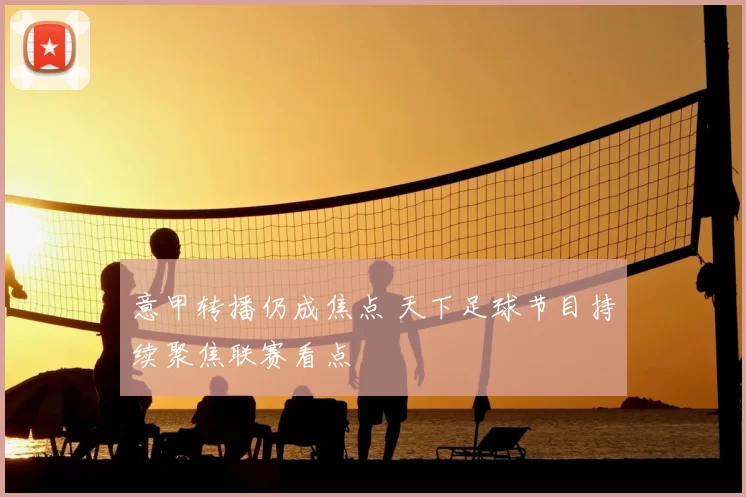 意甲转播仍成焦点 天下足球节目持续聚焦联赛看点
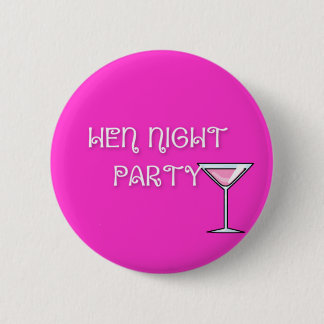 Hen Party Abzeichen Button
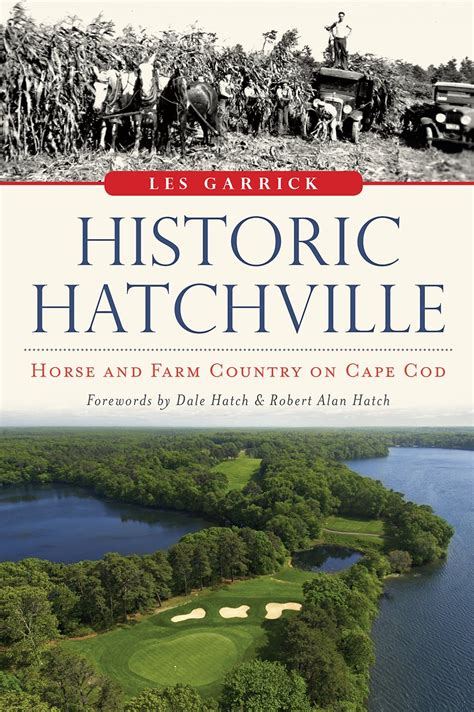 Historic Hatchville: Horse and Farm Country on …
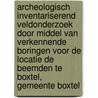 Archeologisch inventariserend veldonderzoek door middel van verkennende boringen voor de locatie De Beemden te Boxtel, gemeente Boxtel door J.J.A. Wijnen
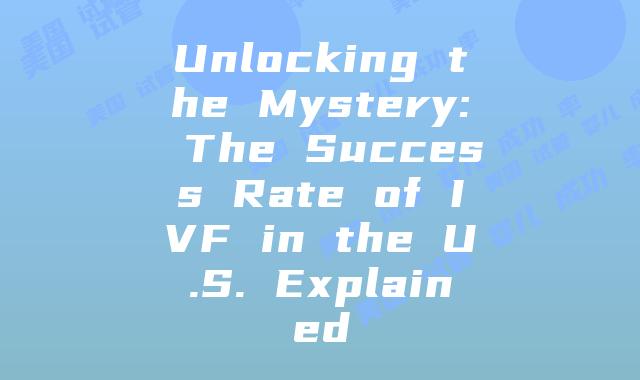 Unlocking the Mystery: The Success Rate of IVF in the U.S. Explained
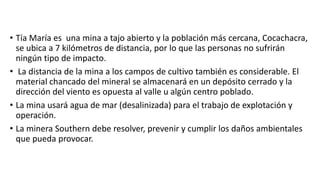 • Tía María es una mina a tajo abierto y la población más cercana, Cocachacra,
se ubica a 7 kilómetros de distancia, por lo que las personas no sufrirán
ningún tipo de impacto.
• La distancia de la mina a los campos de cultivo también es considerable. El
material chancado del mineral se almacenará en un depósito cerrado y la
dirección del viento es opuesta al valle u algún centro poblado.
• La mina usará agua de mar (desalinizada) para el trabajo de explotación y
operación.
• La minera Southern debe resolver, prevenir y cumplir los daños ambientales
que pueda provocar.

*****

Problem – All lines from the beginning of the material through the line that holds "Unlocking the Mystery: The", both included, should be returned exactly; please omit any pictures and add no other lines.

Solution for this exercise –
 意甲转播仍成焦点 天下足球节目持续聚焦联赛看点
 Hen Party Abzeichen Button
 Historic Hatchville: Horse and Farm Country on …
 Archeologisch inventariserend veldonderzoek door middel van verkennende boringen voor de locatie De Beemden te Boxtel, gemeente Boxtel door J.J.A. Wijnen
 Unlocking the Mystery: The Success Rate of IVF in the U.S. Explained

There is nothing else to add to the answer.